Invece quel che occorre per il quotidiano – e non parliamo chesso’ di trasporti pubblici, ma di necessita’ collettive come le strutture sanitarie, sia in funzione salvavita sia per la prevenzione della salute e delle malattie – e’ in affanno di fondi. Nei casi gravi chi puo’ permetterselo va in India agli altri non resta che pregare. Le moschee comunque non mancano, quella sciita finanziata da Teheran spicca nel suo splendore lungo la via che porta alla zona detta Cinema Pamir, che sotto le bombe del conflitto civile degli anni Novanta ha fatto la fine del Nuovo Cinema Paradiso e non esiste piu’. L’area pero’ ha conservato quel nome. Poi c’e’ la moschea talebana, frequentatissima. Fra i fedeli risultano alcuni dei Signori della guerra e del business che investono e guadagnano per se’ e i famigli. Il vicepresidente Fahim, quello del partito Jamat-e Islami, che aveva favorito suo fratello Asin piazzandolo nel consiglio direttivo della Kabul Bank, l’ha ulteriormente aiutato quando questi s’e’ dovuto dimettere dopo uno scandalo per ammanchi. Forse – nessun giudice l’ha provato ma non e’ stata neppure tentata un’indagine – i denari mancanti sono serviti al parente celebre per creare una sua compagnia aerea low cost, la Kam Air. In piu’ Asin Fahim organizza copiosi giri d’import-export con l’Iran.

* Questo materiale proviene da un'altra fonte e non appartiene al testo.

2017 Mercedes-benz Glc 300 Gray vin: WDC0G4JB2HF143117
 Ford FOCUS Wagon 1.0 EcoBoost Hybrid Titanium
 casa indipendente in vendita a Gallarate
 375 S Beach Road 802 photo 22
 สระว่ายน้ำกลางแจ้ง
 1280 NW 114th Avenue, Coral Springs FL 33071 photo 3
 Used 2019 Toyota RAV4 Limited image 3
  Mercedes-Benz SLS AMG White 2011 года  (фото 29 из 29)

Da vero gossip e’ l’ultima vicenda che ha coinvolto Gul Agha Shirzai, costruttore edile originario di Kandahar e presidente della provincial di Jalalabad. Un imprenditore che ha finanziato anche la campagna elettorale, udite udite, di Barack Obama. E certo una simile notizia non l’ha battuta nessuna Agenzia ne’ l’abbiamo letta sulla stampa statunitense e occidentale. A mister Shirzai, ricchezza, successo e ottime entrature nell’establishment addirittura mondiale non mancano. Cosi’ come qualcuno molto noto in Italia anche certo gentil sesso stravede per lui. Aveva avuto quattro mogli e altrettanti divorzi, poi su un volo galeotto per Dubai ha incrociato una nuova fiamma. Giovanissima, come da costume non solo afghano. L’ha portata a Jalalabad, riempita di doni e impalmata. Ma il matrimonio non dev’essere un suo passo fortunato. Dopo non molto la ragazza si e’ stufata e a insaputa del consorte (potere dello status di qualche donna in Afghanistan) ha preso un aereo ed e’ tornata a casa. Con un regalo particolare: una parure di gioielli da far sbiancare piu’ d’una regina. Pare che il marito non abbia rivendicato ne’ lei ne’ il lauto bottino. Ne sarebbe scaturito un contrasto internazionale con gli Emiri che il diplomatico Karzai non avrebbe gradito.